- PROBLEM TO SOLVE
Write out, please, each line from the one containing "生物和真正的蜂蜜滴入罐子里。我蜂窝状滴蜂蜜。" to the final line of the data, both included, exactly and without pictures.

- DATA SHOWN
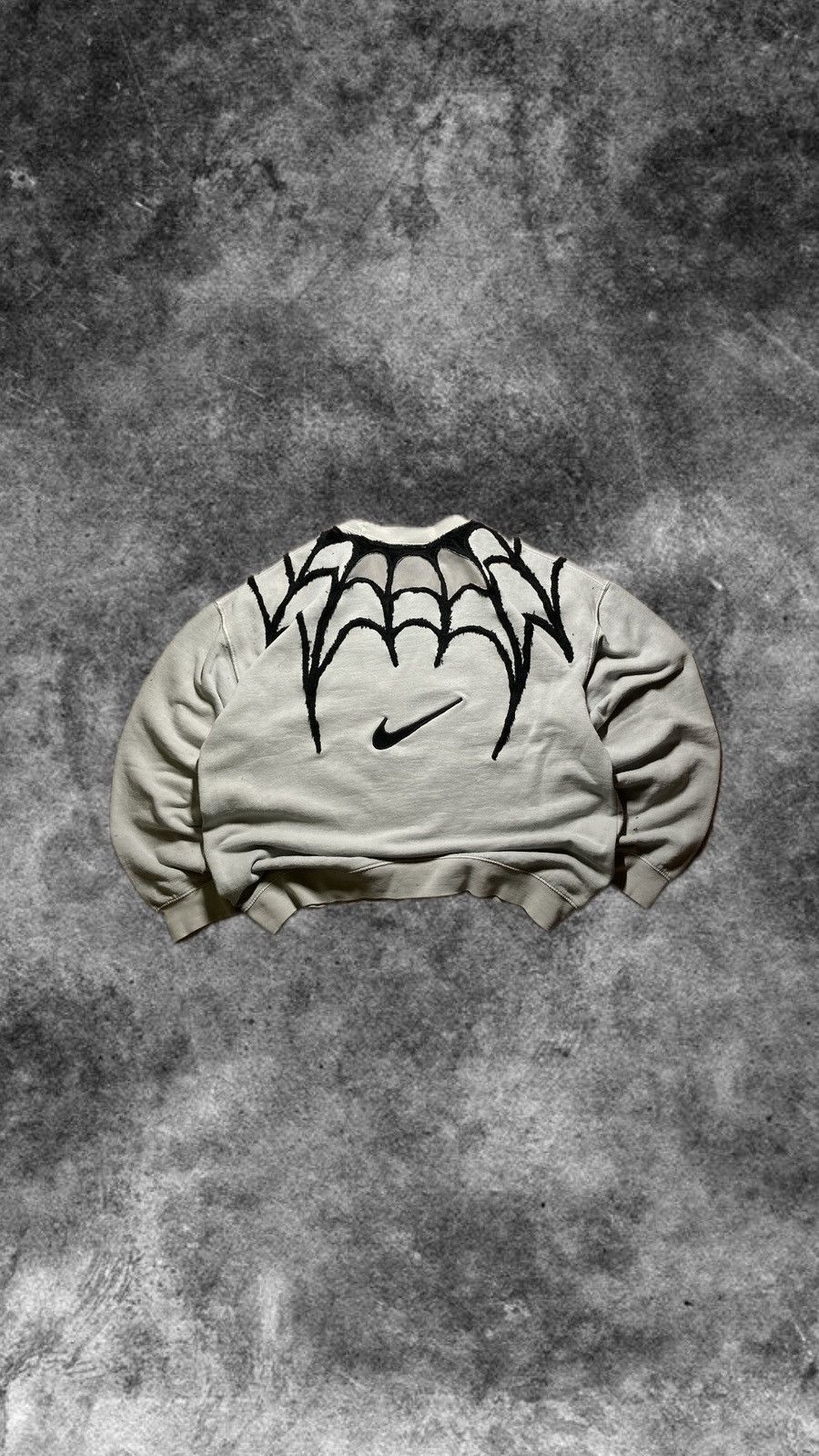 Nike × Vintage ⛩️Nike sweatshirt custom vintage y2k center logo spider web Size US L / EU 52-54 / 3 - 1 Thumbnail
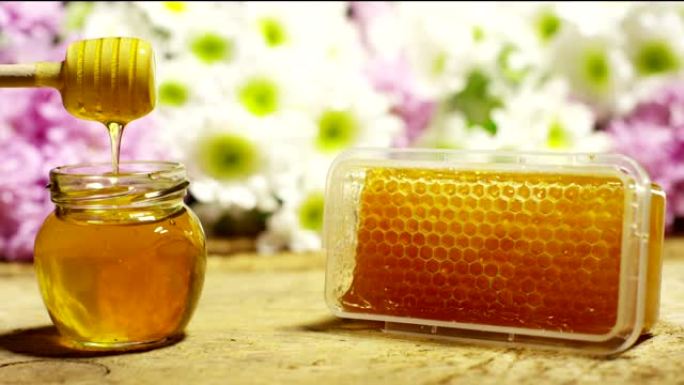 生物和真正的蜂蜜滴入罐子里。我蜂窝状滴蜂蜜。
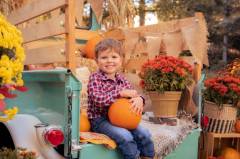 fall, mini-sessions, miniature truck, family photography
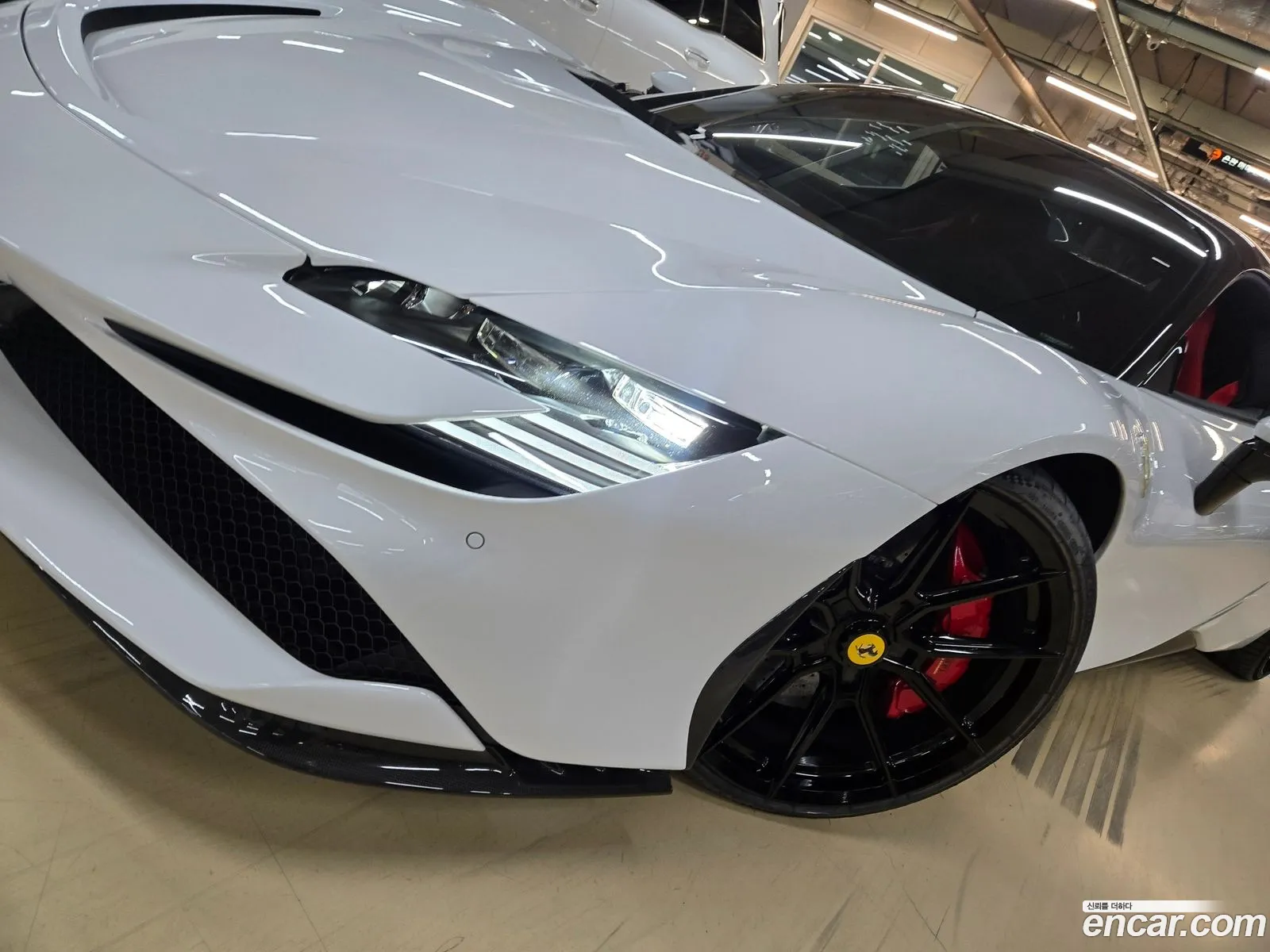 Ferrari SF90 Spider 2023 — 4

- RESPONSE AREA
 生物和真正的蜂蜜滴入罐子里。我蜂窝状滴蜂蜜。
 fall, mini-sessions, miniature truck, family photography
 Ferrari SF90 Spider 2023 — 4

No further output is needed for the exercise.